___ Records shown

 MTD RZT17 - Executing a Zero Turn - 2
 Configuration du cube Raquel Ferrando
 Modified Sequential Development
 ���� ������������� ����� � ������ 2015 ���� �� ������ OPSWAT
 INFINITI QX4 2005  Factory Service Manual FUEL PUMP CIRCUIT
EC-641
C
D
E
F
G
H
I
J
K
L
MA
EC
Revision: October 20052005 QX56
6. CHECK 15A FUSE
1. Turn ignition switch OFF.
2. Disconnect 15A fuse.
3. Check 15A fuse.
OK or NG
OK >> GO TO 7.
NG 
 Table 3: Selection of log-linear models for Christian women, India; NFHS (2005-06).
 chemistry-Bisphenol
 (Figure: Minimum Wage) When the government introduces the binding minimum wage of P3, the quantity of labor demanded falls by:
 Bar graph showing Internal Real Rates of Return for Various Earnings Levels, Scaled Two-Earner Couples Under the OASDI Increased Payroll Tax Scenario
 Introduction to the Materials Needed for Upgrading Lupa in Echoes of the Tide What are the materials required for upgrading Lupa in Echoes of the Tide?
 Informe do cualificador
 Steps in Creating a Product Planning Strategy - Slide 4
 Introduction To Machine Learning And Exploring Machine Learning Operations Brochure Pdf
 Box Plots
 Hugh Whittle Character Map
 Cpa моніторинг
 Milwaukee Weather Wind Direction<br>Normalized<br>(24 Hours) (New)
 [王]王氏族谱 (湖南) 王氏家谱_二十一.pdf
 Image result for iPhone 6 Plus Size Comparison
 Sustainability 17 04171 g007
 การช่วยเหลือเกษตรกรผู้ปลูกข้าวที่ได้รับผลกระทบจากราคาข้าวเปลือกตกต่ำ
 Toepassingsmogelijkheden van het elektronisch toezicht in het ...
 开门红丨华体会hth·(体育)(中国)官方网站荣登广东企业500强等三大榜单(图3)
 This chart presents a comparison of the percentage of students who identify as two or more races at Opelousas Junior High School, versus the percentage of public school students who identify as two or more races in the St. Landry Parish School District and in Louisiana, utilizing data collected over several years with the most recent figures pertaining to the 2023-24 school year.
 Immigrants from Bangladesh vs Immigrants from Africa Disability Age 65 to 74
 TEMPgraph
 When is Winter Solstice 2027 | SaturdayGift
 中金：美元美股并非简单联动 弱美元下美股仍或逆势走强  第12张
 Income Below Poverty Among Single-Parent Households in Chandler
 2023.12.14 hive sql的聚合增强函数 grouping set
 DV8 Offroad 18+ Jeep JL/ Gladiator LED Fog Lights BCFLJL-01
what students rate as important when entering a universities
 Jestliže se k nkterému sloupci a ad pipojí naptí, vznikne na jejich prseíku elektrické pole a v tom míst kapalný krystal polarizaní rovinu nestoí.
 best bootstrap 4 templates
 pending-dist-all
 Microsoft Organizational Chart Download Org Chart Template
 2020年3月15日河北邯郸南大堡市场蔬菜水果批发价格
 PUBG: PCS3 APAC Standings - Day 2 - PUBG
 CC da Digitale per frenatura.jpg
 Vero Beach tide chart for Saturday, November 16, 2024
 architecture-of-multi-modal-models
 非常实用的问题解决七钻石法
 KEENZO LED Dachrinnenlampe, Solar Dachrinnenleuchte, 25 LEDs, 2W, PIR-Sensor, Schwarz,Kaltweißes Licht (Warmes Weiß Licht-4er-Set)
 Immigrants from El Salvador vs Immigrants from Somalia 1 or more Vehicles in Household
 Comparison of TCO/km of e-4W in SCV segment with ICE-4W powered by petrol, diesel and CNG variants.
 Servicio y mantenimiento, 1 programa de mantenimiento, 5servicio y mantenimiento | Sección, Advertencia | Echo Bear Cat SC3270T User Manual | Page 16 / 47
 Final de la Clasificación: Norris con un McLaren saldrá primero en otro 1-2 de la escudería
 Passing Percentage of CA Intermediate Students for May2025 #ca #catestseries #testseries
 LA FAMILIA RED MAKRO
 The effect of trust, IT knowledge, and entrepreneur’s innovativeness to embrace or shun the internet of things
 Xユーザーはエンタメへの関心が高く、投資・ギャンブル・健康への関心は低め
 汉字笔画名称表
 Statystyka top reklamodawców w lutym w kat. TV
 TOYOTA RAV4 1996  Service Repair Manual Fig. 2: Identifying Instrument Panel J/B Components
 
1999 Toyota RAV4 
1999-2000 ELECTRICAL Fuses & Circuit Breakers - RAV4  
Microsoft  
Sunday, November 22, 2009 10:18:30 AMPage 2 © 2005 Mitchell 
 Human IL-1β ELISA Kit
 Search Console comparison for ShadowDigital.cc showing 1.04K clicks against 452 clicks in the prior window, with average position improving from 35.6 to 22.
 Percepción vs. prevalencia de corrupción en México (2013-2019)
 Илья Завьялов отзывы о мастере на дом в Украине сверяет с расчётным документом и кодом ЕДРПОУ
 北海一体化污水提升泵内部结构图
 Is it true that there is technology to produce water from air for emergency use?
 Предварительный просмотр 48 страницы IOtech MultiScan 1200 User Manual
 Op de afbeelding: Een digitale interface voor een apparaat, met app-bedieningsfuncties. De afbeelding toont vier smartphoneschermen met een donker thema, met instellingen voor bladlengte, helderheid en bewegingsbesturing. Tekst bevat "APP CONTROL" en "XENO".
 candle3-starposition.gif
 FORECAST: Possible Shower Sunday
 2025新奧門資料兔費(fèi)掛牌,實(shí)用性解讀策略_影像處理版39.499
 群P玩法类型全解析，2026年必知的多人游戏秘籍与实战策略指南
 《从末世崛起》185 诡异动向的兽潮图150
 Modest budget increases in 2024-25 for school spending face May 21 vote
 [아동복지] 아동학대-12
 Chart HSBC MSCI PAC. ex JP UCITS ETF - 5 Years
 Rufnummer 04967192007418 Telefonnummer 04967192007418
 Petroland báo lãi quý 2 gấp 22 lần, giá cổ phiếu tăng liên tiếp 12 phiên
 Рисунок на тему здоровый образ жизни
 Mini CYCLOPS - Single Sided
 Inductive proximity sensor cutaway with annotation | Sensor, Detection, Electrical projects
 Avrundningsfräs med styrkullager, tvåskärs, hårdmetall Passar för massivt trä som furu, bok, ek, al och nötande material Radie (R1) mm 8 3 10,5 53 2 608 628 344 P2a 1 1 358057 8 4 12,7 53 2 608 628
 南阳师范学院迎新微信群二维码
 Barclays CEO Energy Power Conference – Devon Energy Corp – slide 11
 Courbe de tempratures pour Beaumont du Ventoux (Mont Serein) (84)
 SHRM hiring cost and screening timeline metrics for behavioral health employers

______

Problem description:
The range runs from the line above containing "Sustainability 17 04171 g007" to the line containing "开门红丨华体会hth·(体育", inclusive. Restate those lines word for word and no others.

Output of the task:
 Sustainability 17 04171 g007
 การช่วยเหลือเกษตรกรผู้ปลูกข้าวที่ได้รับผลกระทบจากราคาข้าวเปลือกตกต่ำ
 Toepassingsmogelijkheden van het elektronisch toezicht in het ...
 开门红丨华体会hth·(体育)(中国)官方网站荣登广东企业500强等三大榜单(图3)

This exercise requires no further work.